| TASK DETAILS |
Look in the material below for the line with "Bronzový antik kovový" and the line with "Полотенцесушитель электрический Point", then set down exactly those two lines and all lines between, nothing more.

| THE RECORDS |
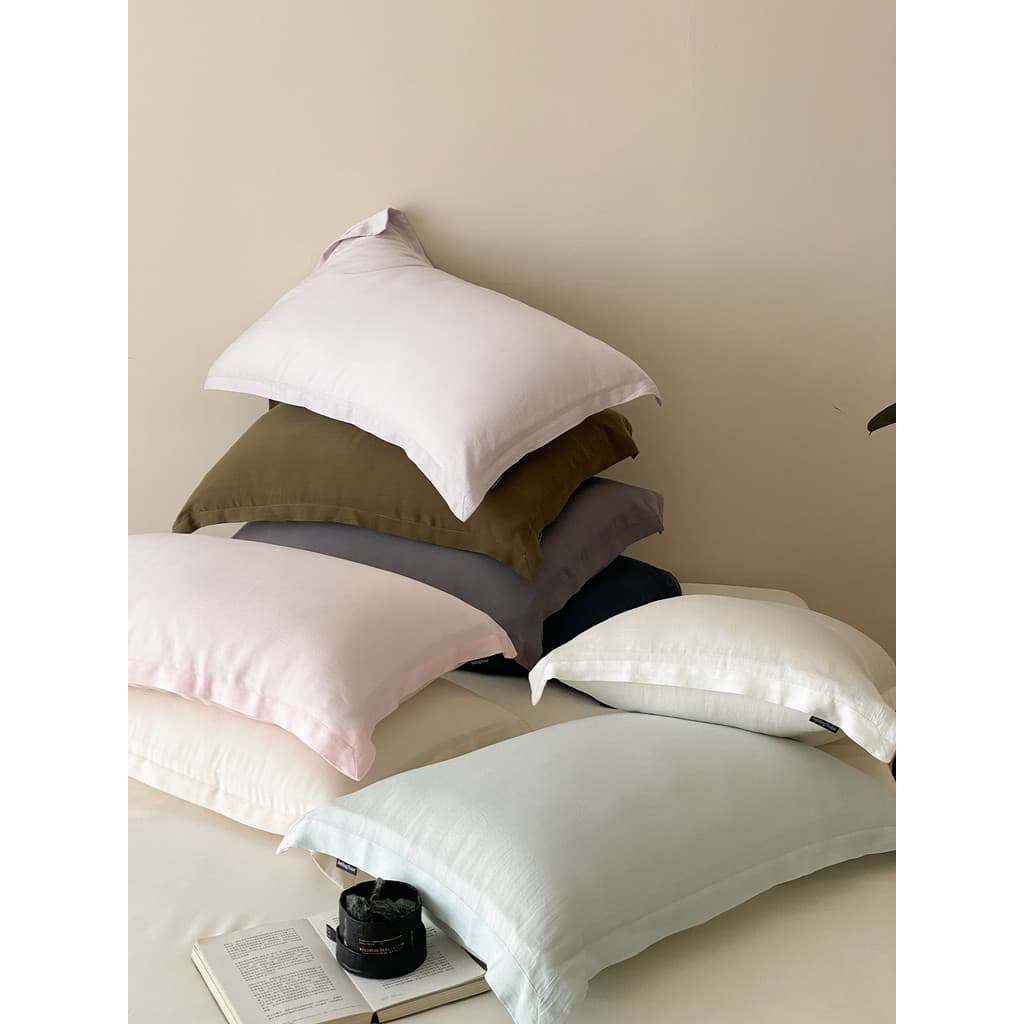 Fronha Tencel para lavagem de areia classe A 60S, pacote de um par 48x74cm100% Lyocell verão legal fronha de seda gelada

--

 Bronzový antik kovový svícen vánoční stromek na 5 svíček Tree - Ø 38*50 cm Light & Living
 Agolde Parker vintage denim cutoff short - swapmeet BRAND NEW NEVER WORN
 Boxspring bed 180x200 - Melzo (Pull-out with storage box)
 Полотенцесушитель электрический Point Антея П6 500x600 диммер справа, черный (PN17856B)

* * *

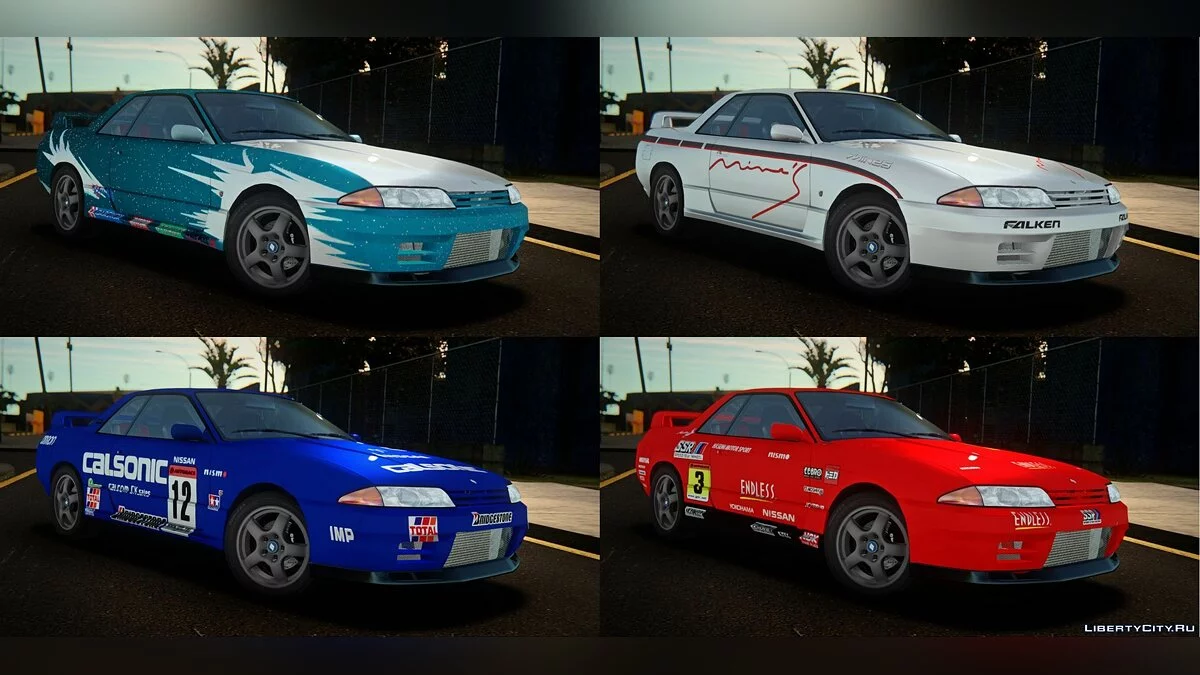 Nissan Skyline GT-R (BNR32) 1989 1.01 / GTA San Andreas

| EXERCISE OUTPUT |
 Bronzový antik kovový svícen vánoční stromek na 5 svíček Tree - Ø 38*50 cm Light & Living
 Agolde Parker vintage denim cutoff short - swapmeet BRAND NEW NEVER WORN
 Boxspring bed 180x200 - Melzo (Pull-out with storage box)
 Полотенцесушитель электрический Point Антея П6 500x600 диммер справа, черный (PN17856B)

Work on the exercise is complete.